Melvil Poupaud : "Je suis croyant, c'est la plus grande force que j'ai trouvée en moi"

Melvil Poupaud s'enflamme pour Fanny Ardant dans "Les Jeunes Amants", au cinéma le 2 février. Ce rôle passionné l'a conforté dans son attirance pour les personnages extrêmes et lui a même donné envie de tomber amoureux. Interview, sur les variations du sentiment et de la prise de risques.

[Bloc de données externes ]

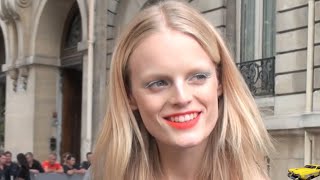 FASHION WEEK PARIS HANNE GABY ODIELE [upl. by Hiroshi]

Melvil Poupaud : "Je suis croyant, c'est la plus grande force que j'ai trouvée en moi"
© Melvil Poupaud au Festival du Film de Rome pour "Les Jeunes Amants" le 16 octobre 2021 - Maria Laura Antonelli/AGF/SIPA

Melvil Poupaud connaît les écrans par cœur. Projeté en grand depuis ses dix ans, l'acteur inoubliable de Conte d'été d'Eric Rohmer et de Laurence Anyways de Xavier Dolan renoue avec le mélodrame dans Les Jeunes Amants, au cinéma le 2 février. Le frère de Yarol Poupaud donne vie à une histoire passionnée avec Fanny Ardant face à la caméra de Carine Tardieu. Il incarne Pierre, un médecin de 45 ans marié, foudroyé par la tendresse que lui inspire Shauna, 70 ans. Bravant les a priori et leurs propres réticences, ils n'auront d'autre choix que celui du cœur. Melvil Poupaud est magnifique en mec bien emporté par ses sentiments. En interview, l'acteur ne tarit pas d'éloges sur sa partenaire. "Je me suis plongé dans ses yeux et c'est elle qui m'a donné l'énergie, l'envie de vivre cette histoire", nous a-t-il confié. Parce que le film parle d'Amour, on a plongé dans son regard à lui pour le questionner sur ce qui le prend aux tripes, sur ses rôles et ses plaisirs.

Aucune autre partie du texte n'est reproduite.